That suggests boardroom interest is becoming more granular, as executives move from general enthusiasm to more focused discussions about models, software approaches and commercial impact. The appearance of terms such as SaaSpocalypse also points to growing concern over how AI could affect software pricing, differentiation and incumbent business models.

Geopolitical shift

The steep rise in references to Iran was one of the clearest non-technology shifts in the data. As conflict in the Middle East intensified, chief executives increasingly raised questions about exposure across energy markets and supply chains.

The change shows how quickly geopolitical developments can alter corporate agendas, even in a quarter otherwise dominated by technology themes. It also suggests executives are balancing long-term transformation with immediate operational risks.

Knud Lasse Lueth, chief executive officer of IoT Analytics, said: "The emerging CEO themes in Q1 2026 reflect a boardroom under pressure from both external shocks and internal transformation. Iran raised fresh questions around energy exposure and supply chains, while developments such as agentic AI and SaaSpocalypse are forcing leaders to reassess long-held assumptions about software, pricing, and competitive advantage."

Broader mood

The decline in references to tariffs and uncertainty may indicate that some macroeconomic concerns became less dominant in executive commentary during the quarter. Even so, they were displaced not by a calmer backdrop, but by a combination of war-related risk and more detailed debate over AI.
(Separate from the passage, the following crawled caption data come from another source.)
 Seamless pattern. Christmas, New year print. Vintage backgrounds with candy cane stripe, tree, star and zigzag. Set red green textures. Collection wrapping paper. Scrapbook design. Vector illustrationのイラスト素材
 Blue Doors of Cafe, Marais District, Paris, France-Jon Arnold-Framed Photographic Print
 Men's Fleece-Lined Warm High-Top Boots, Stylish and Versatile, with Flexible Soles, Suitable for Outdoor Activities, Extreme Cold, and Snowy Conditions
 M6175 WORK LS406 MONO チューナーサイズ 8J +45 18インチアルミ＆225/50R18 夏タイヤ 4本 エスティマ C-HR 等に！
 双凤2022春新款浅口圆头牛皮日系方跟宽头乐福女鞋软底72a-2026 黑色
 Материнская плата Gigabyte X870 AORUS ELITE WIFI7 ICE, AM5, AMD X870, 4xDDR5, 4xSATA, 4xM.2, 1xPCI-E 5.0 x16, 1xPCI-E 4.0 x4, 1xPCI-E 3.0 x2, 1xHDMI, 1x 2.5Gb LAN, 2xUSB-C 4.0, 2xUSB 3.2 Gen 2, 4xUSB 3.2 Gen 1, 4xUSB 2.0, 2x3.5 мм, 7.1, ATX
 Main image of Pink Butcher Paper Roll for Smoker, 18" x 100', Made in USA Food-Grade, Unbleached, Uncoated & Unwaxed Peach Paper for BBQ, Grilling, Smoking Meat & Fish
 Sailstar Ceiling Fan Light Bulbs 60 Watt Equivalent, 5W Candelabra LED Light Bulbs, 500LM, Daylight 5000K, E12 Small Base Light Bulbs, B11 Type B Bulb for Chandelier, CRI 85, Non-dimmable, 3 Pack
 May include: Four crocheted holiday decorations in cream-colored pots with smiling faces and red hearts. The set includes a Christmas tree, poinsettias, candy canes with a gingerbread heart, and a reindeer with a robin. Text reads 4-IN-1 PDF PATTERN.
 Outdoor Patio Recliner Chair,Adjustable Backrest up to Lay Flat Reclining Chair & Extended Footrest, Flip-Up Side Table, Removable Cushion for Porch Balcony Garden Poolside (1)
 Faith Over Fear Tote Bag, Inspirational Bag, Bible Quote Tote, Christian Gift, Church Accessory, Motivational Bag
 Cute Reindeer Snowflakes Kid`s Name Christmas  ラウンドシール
For investors and analysts, that matters because earnings calls often show not only what companies are doing, but also what management teams believe they must explain. Rising discussion of agentic AI, physical AI and software disruption suggests leaders see those issues as increasingly material to strategy and market positioning.

IoT Analytics, based in Germany, provides market research on areas including IoT, AI, cloud, edge computing and Industry 4.0. Its latest quarterly report tracks changes in the prominence of themes discussed by chief executives across a large sample of listed companies, with AI remaining at the top of the agenda while Iran, OpenClaw and SaaSpocalypse posted some of the sharpest gains.